Variation Between Lineages
Ae. tauschii is genetically divided into two lineages which are referred to as L1 and lineage 2 (L2). L1 predominantly encompasses accessions belonging to subspecies tauschii and L2 accessions belonging to ssp. strangulata. Significant differences (p > 0.05) in the mean values of grain Fe, Cu, and Mn concentrations were detected between the two lineages; however, no significant difference was observed for zinc concentration (Supplementary Table S2). Overall, L2 had significantly higher concentrations of grain Fe and Cu than L1, whereas L1 had higher Mn concentration than L2 as depicted by box plots in Figure 3.

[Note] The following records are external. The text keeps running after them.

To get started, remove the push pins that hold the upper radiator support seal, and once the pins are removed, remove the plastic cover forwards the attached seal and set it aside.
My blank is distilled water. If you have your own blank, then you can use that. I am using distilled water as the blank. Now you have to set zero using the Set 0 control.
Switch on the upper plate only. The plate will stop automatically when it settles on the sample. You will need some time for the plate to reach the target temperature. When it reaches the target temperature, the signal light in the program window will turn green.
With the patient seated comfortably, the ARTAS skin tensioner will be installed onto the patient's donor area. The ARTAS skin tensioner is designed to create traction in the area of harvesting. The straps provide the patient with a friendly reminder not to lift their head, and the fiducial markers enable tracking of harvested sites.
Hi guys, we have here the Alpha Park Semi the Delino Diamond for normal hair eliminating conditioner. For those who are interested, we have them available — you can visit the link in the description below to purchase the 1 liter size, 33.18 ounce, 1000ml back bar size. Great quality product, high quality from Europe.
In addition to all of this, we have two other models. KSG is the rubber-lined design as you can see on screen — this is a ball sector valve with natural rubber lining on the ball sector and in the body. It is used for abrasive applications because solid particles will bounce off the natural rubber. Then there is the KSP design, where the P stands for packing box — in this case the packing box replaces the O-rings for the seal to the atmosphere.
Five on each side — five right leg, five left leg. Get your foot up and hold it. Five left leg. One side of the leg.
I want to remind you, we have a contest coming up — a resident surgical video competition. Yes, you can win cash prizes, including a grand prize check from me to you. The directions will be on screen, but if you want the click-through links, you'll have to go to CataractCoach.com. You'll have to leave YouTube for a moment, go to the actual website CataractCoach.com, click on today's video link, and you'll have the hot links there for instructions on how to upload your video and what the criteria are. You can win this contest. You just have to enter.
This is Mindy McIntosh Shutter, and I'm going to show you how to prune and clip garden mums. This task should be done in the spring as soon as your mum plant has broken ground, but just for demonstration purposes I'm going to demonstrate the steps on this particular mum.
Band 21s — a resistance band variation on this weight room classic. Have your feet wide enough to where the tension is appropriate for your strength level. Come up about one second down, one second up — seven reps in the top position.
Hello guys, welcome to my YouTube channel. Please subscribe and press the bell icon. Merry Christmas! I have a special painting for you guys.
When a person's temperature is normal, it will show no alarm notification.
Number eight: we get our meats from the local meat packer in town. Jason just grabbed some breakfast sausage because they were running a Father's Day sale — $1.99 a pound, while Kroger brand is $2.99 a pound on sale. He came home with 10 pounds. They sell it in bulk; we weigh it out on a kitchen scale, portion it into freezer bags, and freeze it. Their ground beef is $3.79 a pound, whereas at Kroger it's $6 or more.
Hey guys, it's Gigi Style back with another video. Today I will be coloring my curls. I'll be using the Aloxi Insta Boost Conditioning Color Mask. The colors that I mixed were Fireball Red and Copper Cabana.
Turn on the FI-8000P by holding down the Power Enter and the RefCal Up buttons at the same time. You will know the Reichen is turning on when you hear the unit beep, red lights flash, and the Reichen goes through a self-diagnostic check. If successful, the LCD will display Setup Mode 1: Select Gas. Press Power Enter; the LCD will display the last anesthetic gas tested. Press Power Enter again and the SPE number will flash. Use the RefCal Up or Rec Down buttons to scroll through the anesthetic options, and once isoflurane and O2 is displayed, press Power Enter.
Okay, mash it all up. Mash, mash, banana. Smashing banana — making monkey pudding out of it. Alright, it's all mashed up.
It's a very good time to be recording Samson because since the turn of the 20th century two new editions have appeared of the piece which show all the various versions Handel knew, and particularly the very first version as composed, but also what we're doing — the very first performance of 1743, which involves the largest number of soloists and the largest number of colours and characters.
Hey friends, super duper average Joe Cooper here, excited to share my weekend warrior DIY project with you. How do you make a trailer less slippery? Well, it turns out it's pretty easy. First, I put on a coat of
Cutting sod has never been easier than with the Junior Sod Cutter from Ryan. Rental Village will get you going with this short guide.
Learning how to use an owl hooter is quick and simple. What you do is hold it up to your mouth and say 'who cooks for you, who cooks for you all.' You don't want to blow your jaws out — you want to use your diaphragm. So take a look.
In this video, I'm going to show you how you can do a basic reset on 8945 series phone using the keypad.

Figure 3. Boxplots showing mean, median, and range of phenotypic variation between the two lineages L1 and L2 of Ae. tauschii for grain (A) iron—Fe, (B) zinc—Zn (C), copper—Cu, and (D) manganese—Mn.
In this study, we have identified several accessions with high mean value for Fe, Zn, and Cu concentrations. Three accessions pauT14334, pauAT14145, and pauAT3751 had high iron concentration with an average of 63.78, 63.67, and 62.58 ppm, respectively. Four accessions pauAT14360, pauAT14136, pauAT14158, and pauAT14139 accumulated the highest concentration for both iron and zinc with an average of 56.73, 53.25, 55.28, and 56.13 ppm iron and 41.70, 40.79, 38.74, and 39.80 ppm zinc, respectively. Accession pauAT14162 was found to have high concentrations of both Zn and Cu with mean values of 46.45 and 5.25 ppm, respectively. The accessions reported for higher Mn concentration were moderate for other micronutrients. Most accessions with higher concentration of Fe, Zn, and Cu belonged to L2; however, accessions with higher Mn concentration belonged to L1 (Table 2). This was also observed when the two lineages were compared for all micronutrients (Figure 3).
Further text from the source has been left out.